Abstract

Choroidal Neovascularization (CNV) is the advanced stage of Age-related Macular Degeneration (AMD), which is the leading cause of irreversible visual loss for elder people in developed countries. Optical Coherence Tomography Angiography (OCTA) is a recent non-invasive imaging technique widely used nowadays in diagnosis and follow-up of CNV. In this study, an automatic screening of CNV based on deep learning is performed using OCTA choriocapillaris images. CNV eyes (advanced wet AMD) are diagnosed among healthy eyes (no AMD) and eyes with drusen (intermediate AMD). An OCTA dataset of 1396 images is used to train and evaluate the model. A pre-trained convolutional neural network (CNN) is fine-tuned and validated on 80% of the dataset while the remaining 20% is used independently for predictions. The model can accurately detect CNV on the test set with an accuracy of 89.74%, precision of 0.96 and 0.99 area under the curve of the receiver operating characteristic. A good overall classification accuracy of 88.46% is obtained on a balanced test set. Detailed analysis of misclassified images shows that they are also considered ambiguous images for expert clinicians.
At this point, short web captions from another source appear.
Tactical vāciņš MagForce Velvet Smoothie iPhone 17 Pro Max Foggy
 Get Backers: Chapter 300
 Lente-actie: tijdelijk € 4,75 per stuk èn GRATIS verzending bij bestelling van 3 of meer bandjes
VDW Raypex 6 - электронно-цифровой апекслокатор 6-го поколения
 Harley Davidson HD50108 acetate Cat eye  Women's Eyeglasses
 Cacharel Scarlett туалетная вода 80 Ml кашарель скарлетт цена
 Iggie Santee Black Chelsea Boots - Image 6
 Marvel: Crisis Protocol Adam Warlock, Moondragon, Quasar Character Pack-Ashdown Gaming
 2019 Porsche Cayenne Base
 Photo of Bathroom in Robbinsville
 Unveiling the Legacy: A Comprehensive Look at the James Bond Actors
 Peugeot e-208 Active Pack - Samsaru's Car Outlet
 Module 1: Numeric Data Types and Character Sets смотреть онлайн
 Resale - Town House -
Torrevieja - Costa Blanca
This novel CNN-based application is truly a breakthrough to assist clinicians in the challenging task of screening for neovascular complications.

Highlights

  • Age-related Macular Degeneration (AMD) is the leading cause of irreversible blindness in the elderly population of developed countries

  • AMD is characterized by changes in the Retinal Pigment Epithelium (RPE), Bruch’s Membrane (BM), or Choriocapillaris (CC) complex [1]

  • Late AMD consists of wet AMD, characterized by choroidal neovascularization (CNV), and dry AMD, characterized by geographic atrophy (GA) in the macular area [3,4]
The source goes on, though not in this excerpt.